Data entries
======

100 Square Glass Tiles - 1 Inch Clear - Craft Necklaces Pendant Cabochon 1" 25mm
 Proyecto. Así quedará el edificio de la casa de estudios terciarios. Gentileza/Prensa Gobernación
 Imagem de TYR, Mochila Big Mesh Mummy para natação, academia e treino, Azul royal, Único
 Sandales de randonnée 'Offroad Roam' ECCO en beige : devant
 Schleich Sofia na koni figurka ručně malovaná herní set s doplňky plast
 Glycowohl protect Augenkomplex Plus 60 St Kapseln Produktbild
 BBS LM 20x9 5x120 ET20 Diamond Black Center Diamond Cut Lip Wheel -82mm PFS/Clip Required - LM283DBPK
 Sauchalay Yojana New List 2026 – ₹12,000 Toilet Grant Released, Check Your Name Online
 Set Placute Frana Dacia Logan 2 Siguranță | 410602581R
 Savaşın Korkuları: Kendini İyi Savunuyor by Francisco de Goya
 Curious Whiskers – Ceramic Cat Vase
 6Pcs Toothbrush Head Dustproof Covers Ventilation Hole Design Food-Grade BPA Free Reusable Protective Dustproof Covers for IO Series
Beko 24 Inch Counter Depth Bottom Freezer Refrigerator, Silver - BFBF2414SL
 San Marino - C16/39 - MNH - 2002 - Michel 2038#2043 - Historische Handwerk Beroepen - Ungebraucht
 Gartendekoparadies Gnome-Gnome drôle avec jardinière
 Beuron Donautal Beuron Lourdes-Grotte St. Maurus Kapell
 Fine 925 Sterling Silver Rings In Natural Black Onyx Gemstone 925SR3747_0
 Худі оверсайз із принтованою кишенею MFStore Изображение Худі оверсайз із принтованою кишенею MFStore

======

Each of the lines from the one holding "BBS LM 20x9" through the final line of the entries is to be set down exactly, and no others.

* _Written solution_:
 BBS LM 20x9 5x120 ET20 Diamond Black Center Diamond Cut Lip Wheel -82mm PFS/Clip Required - LM283DBPK
 Sauchalay Yojana New List 2026 – ₹12,000 Toilet Grant Released, Check Your Name Online
 Set Placute Frana Dacia Logan 2 Siguranță | 410602581R
 Savaşın Korkuları: Kendini İyi Savunuyor by Francisco de Goya
 Curious Whiskers – Ceramic Cat Vase
 6Pcs Toothbrush Head Dustproof Covers Ventilation Hole Design Food-Grade BPA Free Reusable Protective Dustproof Covers for IO Series
Beko 24 Inch Counter Depth Bottom Freezer Refrigerator, Silver - BFBF2414SL
 San Marino - C16/39 - MNH - 2002 - Michel 2038#2043 - Historische Handwerk Beroepen - Ungebraucht
 Gartendekoparadies Gnome-Gnome drôle avec jardinière
 Beuron Donautal Beuron Lourdes-Grotte St. Maurus Kapell
 Fine 925 Sterling Silver Rings In Natural Black Onyx Gemstone 925SR3747_0
 Худі оверсайз із принтованою кишенею MFStore Изображение Худі оверсайз із принтованою кишенею MFStore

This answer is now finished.